The thing is, though, that 'rules that exist only on paper or which are selectively enforced' account for the vast majority of corporate ethics policies, and even a fair proportion of national legislation, if we take 'selectively enforced' to mean 'blind eye turned', 'covered up', 'avoided through hush money', 'evaded by hiring expensive lawyer' and all the other Get Out of Jail cards available to the privileged, whether that privilege is personal, social, professional, economic or political.
I'm always amused/sickened/entirely unsurprised when translating corporate antibribery policies to come across (in every single one) the phrase 'gifts and gratuities shall not be accepted, unless of a relatively modest value, and where refusal to accept would be deemed culturally inappropriate in the operational context' [actual wording may vary slightly].
Unless, in other words, you are in a corrupt country where corruption is the cultural norm, in which case tuck into the buffet, but try not to get caught and embarrass the company.
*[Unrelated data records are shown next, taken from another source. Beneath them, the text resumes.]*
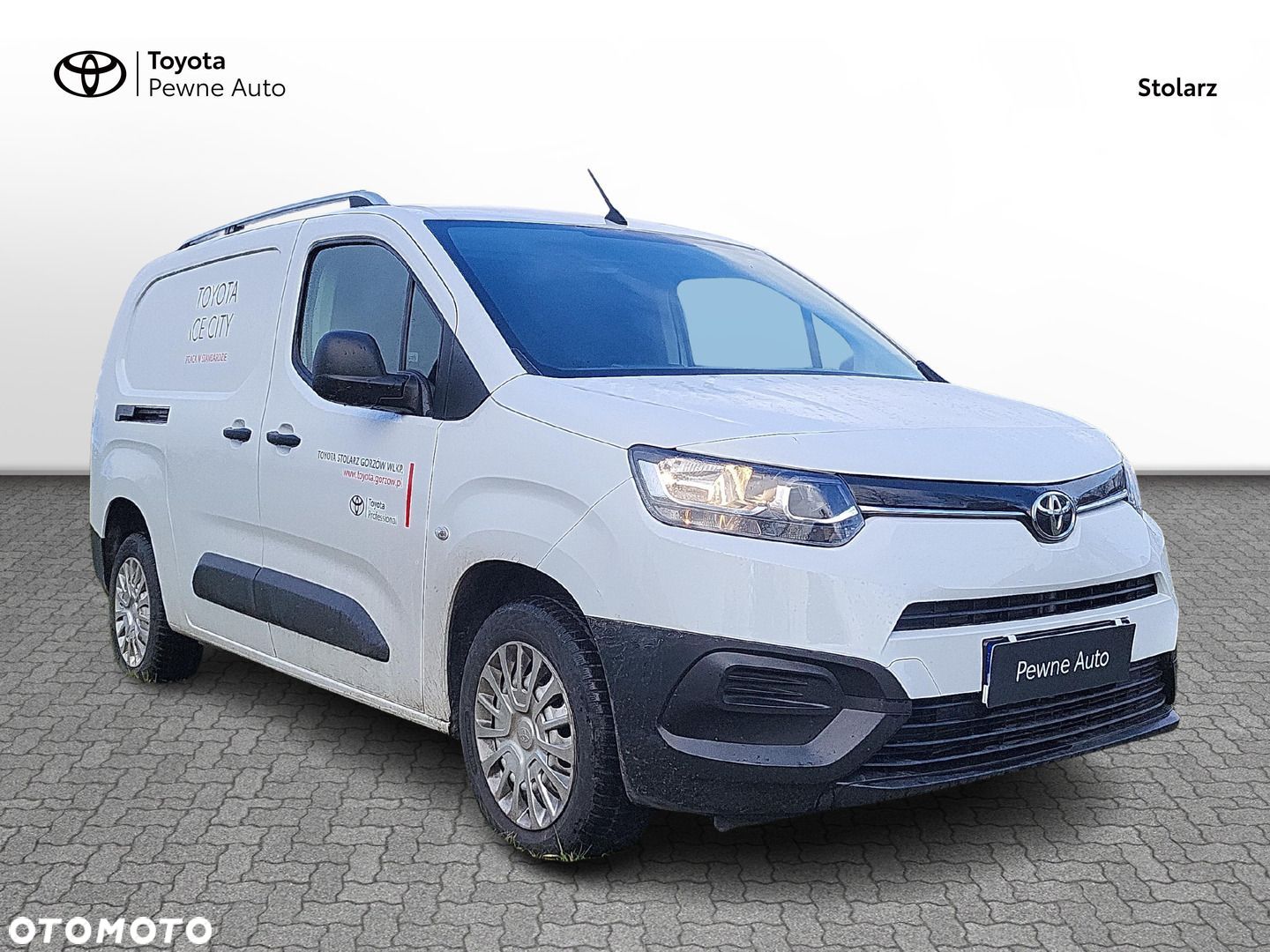 Toyota PROACE CITY - 1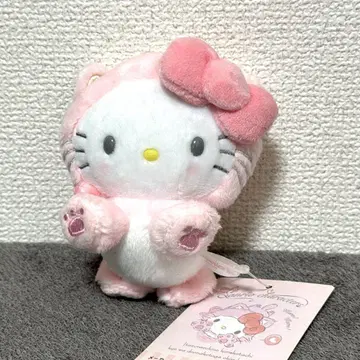 산리오 헬로키티 아기 고양이 시리즈 마스코트 고양이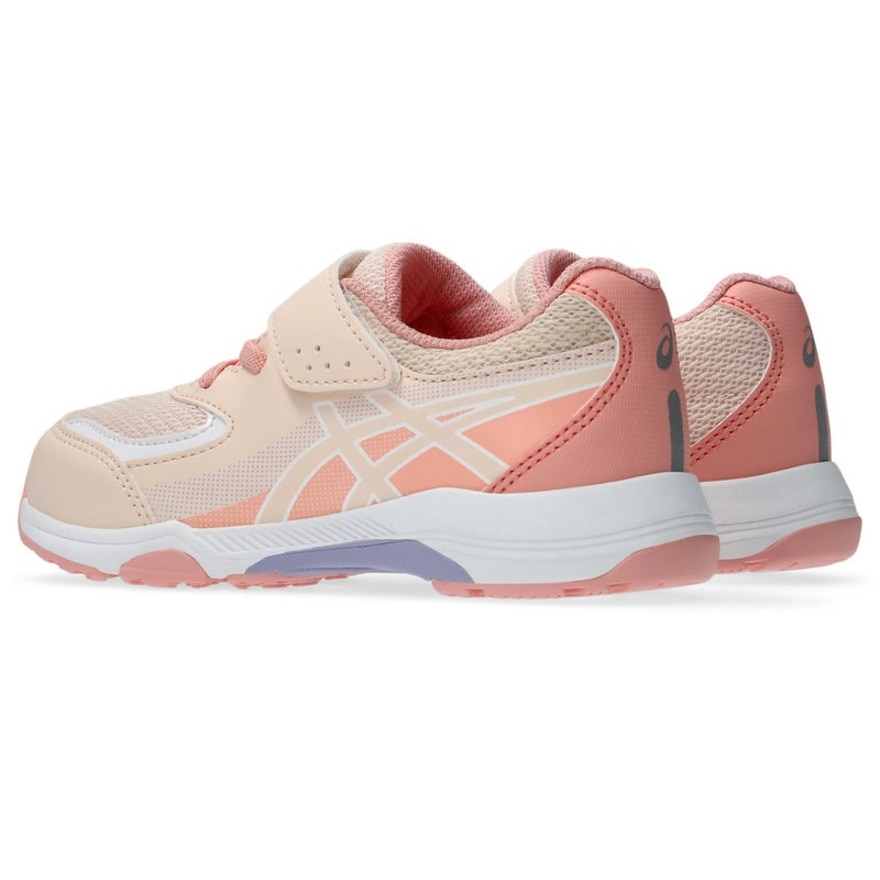 アシックス（ASICS）（キッズ）ジュニア＆キッズスポーツシューズ ベルクロ ベルト付き スニーカー LAZERBEAM KG-MG 1154A213.700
How many million riyals are 'modest' to sheikh, and how easily are their cultural sensibilities offended?
It's also amusing to read disciplinary dismissal cases of managers who have become surplus to requirements, who all of a sudden are found to have been using company credit cards for hookers and blow (I exaggerate slightly).
Obviously they all do it, with the company's knowledge, their hubris telling them it won't be used in evidence against them.
As the line from Butch Cassidy has it: "Rules? In a knife fight?"